Das eine ist die gesetzliche Regelung, Frau Kollegin. Das andere ist die Selbstverpflichtung zu einem Basisgirokonto, einem Bürgerkonto. Da waren die Sparkassen nach meinem Kenntnisstand in Deutschland und sogar in Europa Vorreiter. Oder wollen Sie das infrage stellen?
Ja.
Dann haben wir halt einen Dissens. Die Sparkassen waren hier beispielhaft.
Ich erwähne es deswegen, weil Sie von der Opposition – das ist der Punkt, auf den ich hinaus will – den Gesetzentwurf zur Einlagensicherung begrüßt haben – entschuldigen Sie, dass ich jetzt kurz zur Einlagensicherung komme –, der gerade diese Struktur der in der Region verwobenen, verbrauchernahen Institute, die sehr verbraucherfreundlich ist, gefährdet. Sie begrüßen es, diesen Weg der europäischen Ebene zu gehen, aber wir kritisieren das. Wir wollen bestehende bürgernahe Strukturen schützen und aufrechterhalten.
(Dr. Wolfgang Strengmann-Kuhn [BÜNDNIS 90/DIE GRÜNEN]: Reden Sie doch einmal zum Thema!)
– Nein, das ist für mich ein Thema. Sie gehen den Weg in Richtung eines einheitlichen europäischen Breis. Sie begrüßen das.
(Dr. Wolfgang Strengmann-Kuhn [BÜNDNIS 90/DIE GRÜNEN]: Was soll denn dieser nationalistische Einschlag?)
Sie wollen eine einheitliche europäische Regulierung, die bewirkt, dass die Großen mit den Kleinen gleichgesetzt werden, wie bei der Einlagensicherung, wie bei der Bankenunion. Sie sagen: Wir brauchen einheitliche Regelungen, mit denen die Großen mit den Kleinen auf eine Ebene gesetzt werden. – Das wollen wir genau nicht.

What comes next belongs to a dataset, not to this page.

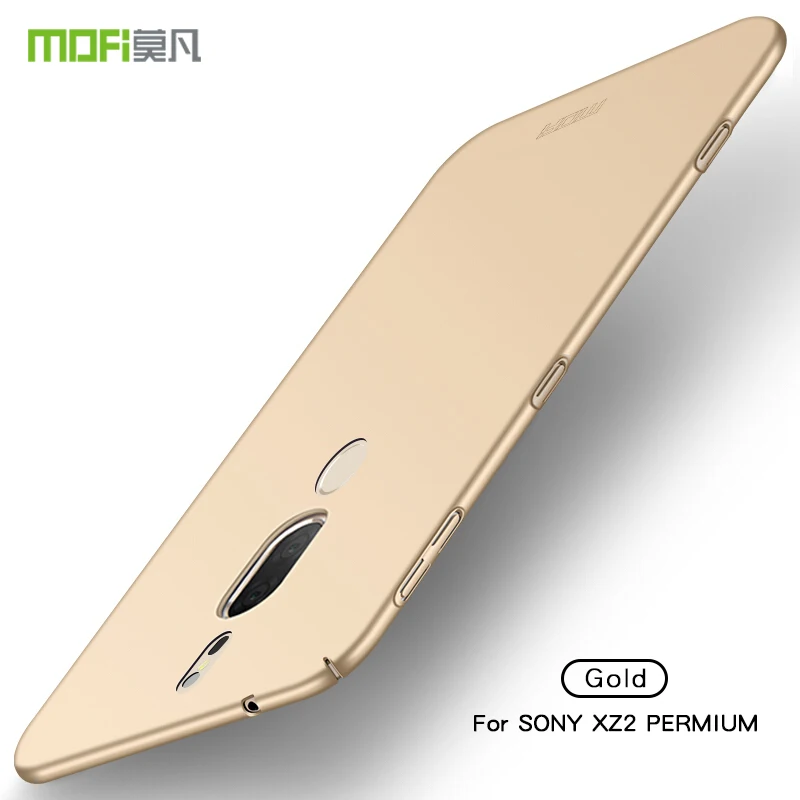 Золотой Для sony Xperia XZ2 Премиум чехол MOFI специальные чехлы жёсткий чехол из ПВХ для sony Xperia XZ2 Премиум чехол ультра тонкий чехол - Цвет: Золотой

(Beifall bei der CDU/CSU – Dr. Jens Zimmermann [SPD]: Wir wollen, dass jeder ein Konto bekommt! Das wollen wir doch!)
In diesem Zusammenhang sind drei Bereiche genannt worden. Das Basiskonto wurde erwähnt. Dann ist der Wechsel zwischen Banken zu nennen. Das ist ein gutes Ziel, ein Ziel, das den Wettbewerb stärkt. Wir werden darüber diskutieren, inwieweit wir es zukünftig mit einem Systembruch zu tun haben; denn die Digitalisierung schreitet hier voran. Zukünftig wird es nicht um die Frage gehen, ob einer beispielsweise von der Sparkasse zu einer Genossenschaftsbank wechselt. Vielmehr werden wir verstärkt darüber diskutieren müssen, ob jemand von einer traditionellen Bank zu einer im digitalen Bereich tätigen Bank wechselt. Es ist sehr wichtig, zu schauen, inwieweit diese Möglichkeit vorhanden ist und inwieweit ein Systembruch notwendig ist oder nicht.
Ich begrüße sehr stark den Vorstoß zum Thema Entgelttransparenz. Ich möchte an die Finanzwirtschaft die mit einer Kritik verbundene Bitte richten: Natürlich gibt es unterschiedliche Produkte, die unterschiedliche Bestandteile aufweisen, aber wichtig ist – das ist schon sehr lange Thema –, eine einfache Information zu geben, eine Information, die Produkte relativ schnell vergleichbar macht. Wenn man dann immer auf verschiedene Pakete verweist, kann man natürlich gut in die Irre führen. Die Finanzwirtschaft hat die Chance, entsprechende Vorschläge zu machen. Bis jetzt habe ich hierzu leider keine Vorschläge gesehen.
Die Geldwäscherichtlinie und -verordnung wurden erwähnt. Ich halte den Aspekt, den der Staatssekretär im Hinblick auf die Geldwäscheverordnung erwähnt hat, für richtig. Trotzdem sollten wir in der weiteren Beratung gerade vor dem Hintergrund der Terrorismusfinanzierung und der in Europa und weltweit aufkommenden höheren Sensibilität dazu kommen, dass wir auch andere Rechtsgebiete prüfen. Wir wollen nicht, dass durch ein Gesetz für einen Bereich in anderen Rechtsbereichen zusätzliche Gefährdungen entstehen. Man muss sich anschauen, inwieweit eine entsprechende Problematik besteht, Stichwort: USA, bzw. inwieweit wir Gefährdungen mit gutem Gewissen ausschließen können.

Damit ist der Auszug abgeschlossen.